関帝王と鍛冶神、守り神信仰を今泊集落に見る

鍛冶屋の守り神(1
今泊集落にある鍛冶屋(カンジャヤー)には、関帝王(写真右)と鍛冶神(写真左)の絵が掛けられています。

鍛冶屋(カンジャヤー)は、鍛冶をおこなうことを家業としていた家で、鍛冶屋の守り神を信仰していて、その守り神が絵として祀ってあります。

鍛冶屋の守り神(2
画像がやや不鮮明ですが、女神のようなものが上に立ち、左の女性がフイゴを押し、3匹の鬼が鉄を打っているようすが描かれています。



鍛冶屋の守り神(3
鍛冶屋(カンジャヤー)のもう一つの掛け軸は、関帝王(カンテイオウ)の絵です。関帝王とは、中国の三国時代の武将のひとりで、このような絵が琉球に普及したのは冊封使が1691年に来流してからと言われています。

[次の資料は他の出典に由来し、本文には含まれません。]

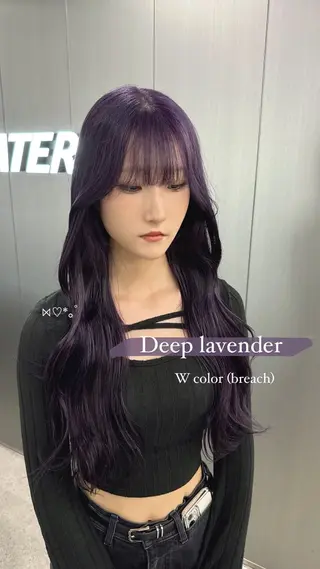 ロング カラー 暗髪🩶ラベンダー/ ブルー/ユウナ🤍のヘアスタイル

もともとは、王族や首里、那覇の士族の間に広まったようです。やがて、一般民衆の間にも浸透していったものが、今泊集落の鍛冶屋にも掛け軸として掲げられているのです。

長槍を持ったいかにも強そうな武将が描かれていますが、厄除け、守り神、商売の神などとして珍重され信仰されたようです。


御嶽(ウタキ)や火の神が信仰の対象だと思っていましたが、このような絵が神々の座をしめていたとは、民間信仰の点から興味深いものがあります。